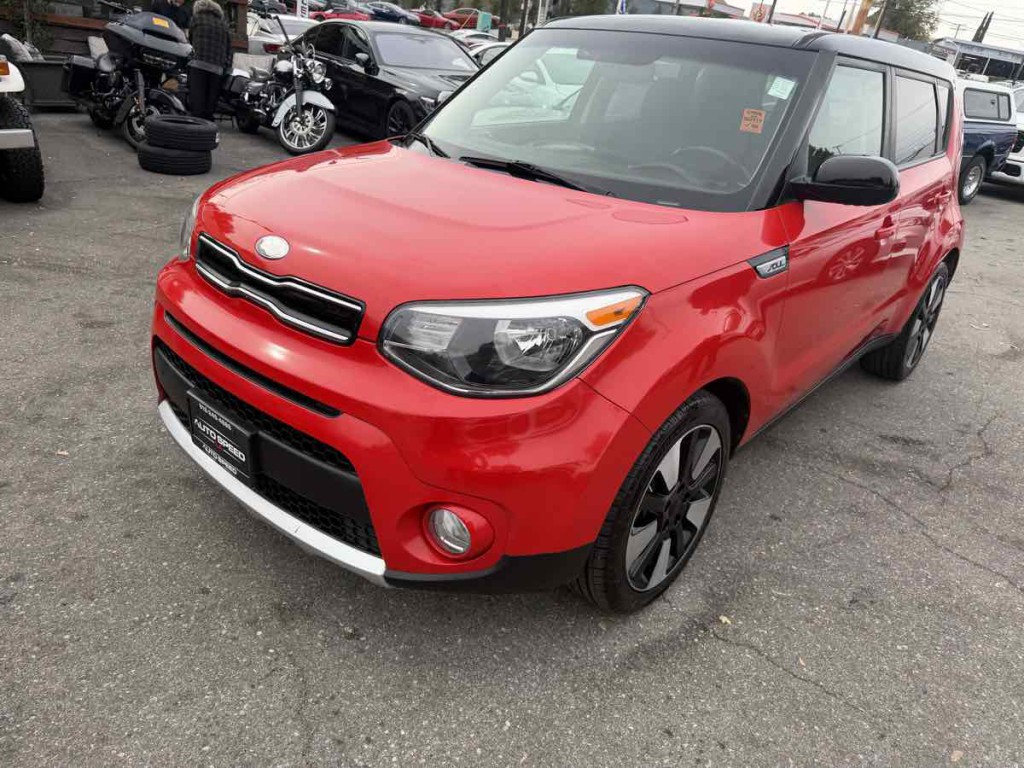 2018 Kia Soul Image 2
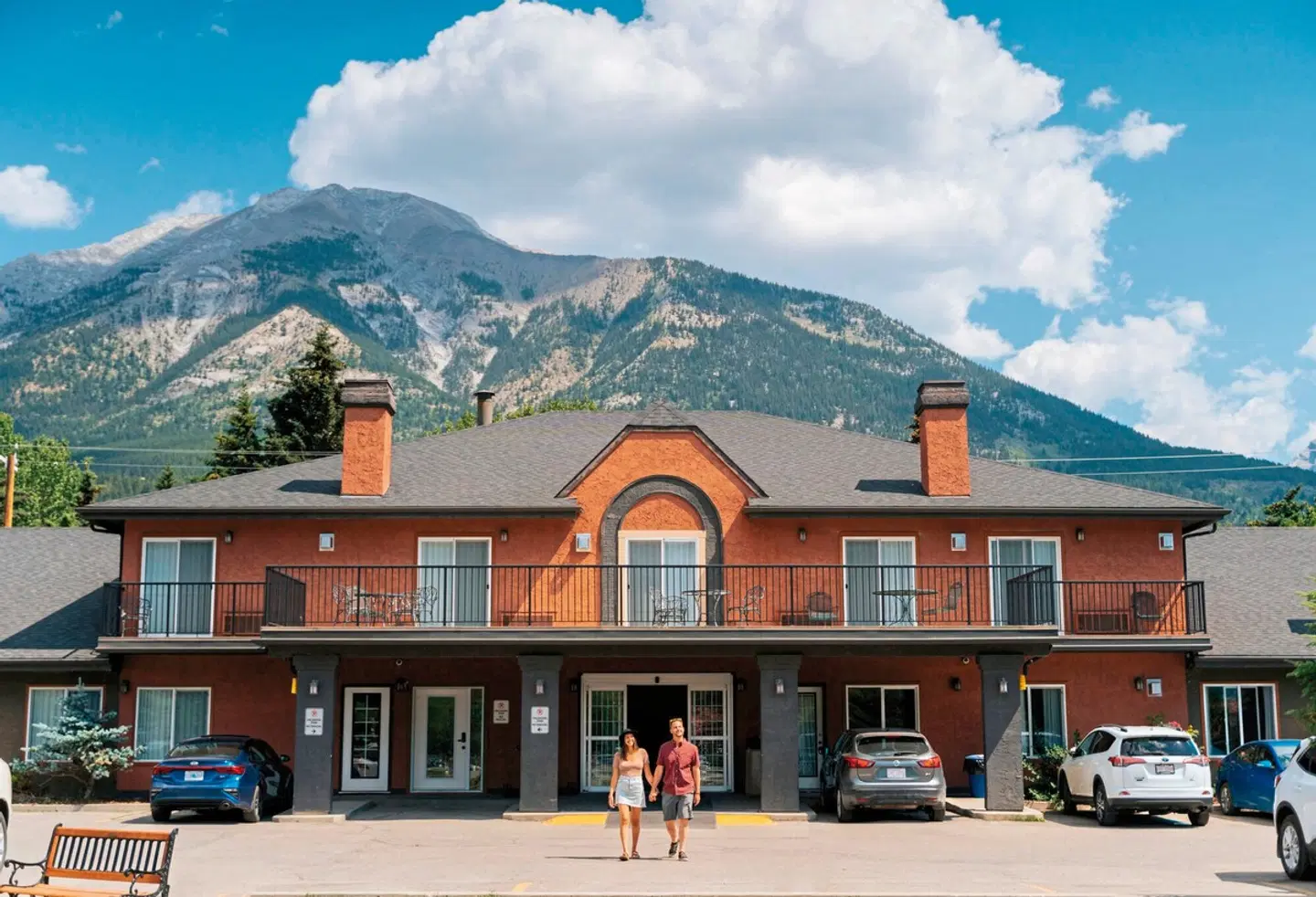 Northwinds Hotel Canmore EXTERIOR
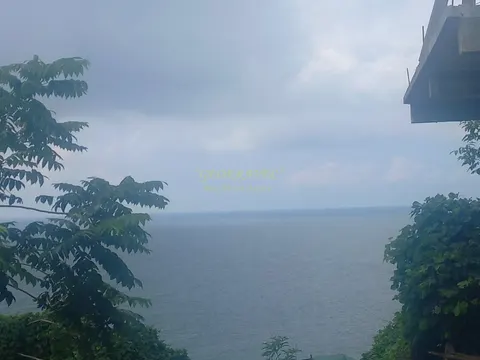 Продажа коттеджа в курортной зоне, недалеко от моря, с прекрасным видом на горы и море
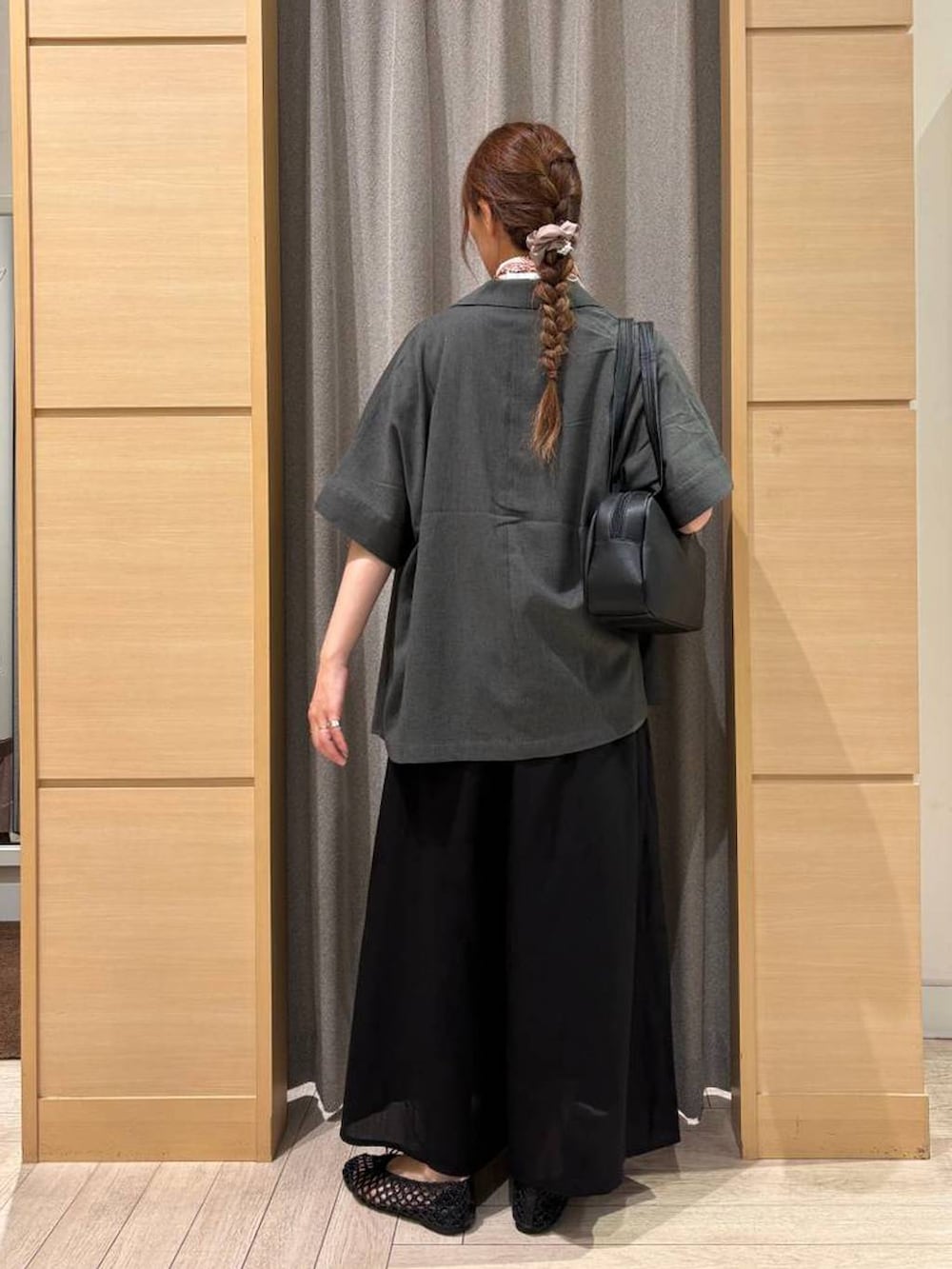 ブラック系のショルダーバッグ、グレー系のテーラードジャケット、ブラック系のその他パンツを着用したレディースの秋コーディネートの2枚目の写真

^^^^^^^^

Quote the material exactly. Pictures stay out.

_Solution to this problem_
 2018 Kia Soul Image 2
 Northwinds Hotel Canmore EXTERIOR
 Продажа коттеджа в курортной зоне, недалеко от моря, с прекрасным видом на горы и море
 ブラック系のショルダーバッグ、グレー系のテーラードジャケット、ブラック系のその他パンツを着用したレディースの秋コーディネートの2枚目の写真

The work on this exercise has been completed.